Taking the line that contains "绝对（Absolut）伏特加 洋酒 40度 柑橘味 700ml" as the first, copy exactly every line through the last line of the records, and nothing else.

(Web page caption snippets)
········
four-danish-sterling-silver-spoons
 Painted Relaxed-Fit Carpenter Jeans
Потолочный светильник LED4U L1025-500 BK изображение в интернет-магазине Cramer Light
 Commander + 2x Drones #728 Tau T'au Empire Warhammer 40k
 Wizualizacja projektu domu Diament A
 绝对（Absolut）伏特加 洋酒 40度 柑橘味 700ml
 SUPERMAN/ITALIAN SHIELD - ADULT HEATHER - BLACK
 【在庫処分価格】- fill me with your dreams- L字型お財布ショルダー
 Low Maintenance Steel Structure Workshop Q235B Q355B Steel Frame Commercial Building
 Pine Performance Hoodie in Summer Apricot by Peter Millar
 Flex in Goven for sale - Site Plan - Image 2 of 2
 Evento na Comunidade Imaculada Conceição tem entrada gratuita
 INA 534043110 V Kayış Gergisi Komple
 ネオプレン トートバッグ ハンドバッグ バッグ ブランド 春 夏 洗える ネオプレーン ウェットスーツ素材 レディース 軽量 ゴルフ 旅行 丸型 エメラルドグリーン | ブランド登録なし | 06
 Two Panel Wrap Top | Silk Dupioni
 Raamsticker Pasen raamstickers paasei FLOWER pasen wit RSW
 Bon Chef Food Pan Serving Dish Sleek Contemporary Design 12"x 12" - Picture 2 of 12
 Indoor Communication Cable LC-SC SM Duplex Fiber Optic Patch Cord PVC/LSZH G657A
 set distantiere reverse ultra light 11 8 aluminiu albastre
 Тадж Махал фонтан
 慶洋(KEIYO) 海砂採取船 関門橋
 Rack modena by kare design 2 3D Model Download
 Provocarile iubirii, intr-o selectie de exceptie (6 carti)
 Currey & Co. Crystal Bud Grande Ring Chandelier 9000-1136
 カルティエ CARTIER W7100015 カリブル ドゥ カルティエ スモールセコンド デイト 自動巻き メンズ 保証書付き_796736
········
> _Result below_
 绝对（Absolut）伏特加 洋酒 40度 柑橘味 700ml
 SUPERMAN/ITALIAN SHIELD - ADULT HEATHER - BLACK
 【在庫処分価格】- fill me with your dreams- L字型お財布ショルダー
 Low Maintenance Steel Structure Workshop Q235B Q355B Steel Frame Commercial Building
 Pine Performance Hoodie in Summer Apricot by Peter Millar
 Flex in Goven for sale - Site Plan - Image 2 of 2
 Evento na Comunidade Imaculada Conceição tem entrada gratuita
 INA 534043110 V Kayış Gergisi Komple
 ネオプレン トートバッグ ハンドバッグ バッグ ブランド 春 夏 洗える ネオプレーン ウェットスーツ素材 レディース 軽量 ゴルフ 旅行 丸型 エメラルドグリーン | ブランド登録なし | 06
 Two Panel Wrap Top | Silk Dupioni
 Raamsticker Pasen raamstickers paasei FLOWER pasen wit RSW
 Bon Chef Food Pan Serving Dish Sleek Contemporary Design 12"x 12" - Picture 2 of 12
 Indoor Communication Cable LC-SC SM Duplex Fiber Optic Patch Cord PVC/LSZH G657A
 set distantiere reverse ultra light 11 8 aluminiu albastre
 Тадж Махал фонтан
 慶洋(KEIYO) 海砂採取船 関門橋
 Rack modena by kare design 2 3D Model Download
 Provocarile iubirii, intr-o selectie de exceptie (6 carti)
 Currey & Co. Crystal Bud Grande Ring Chandelier 9000-1136
 カルティエ CARTIER W7100015 カリブル ドゥ カルティエ スモールセコンド デイト 自動巻き メンズ 保証書付き_796736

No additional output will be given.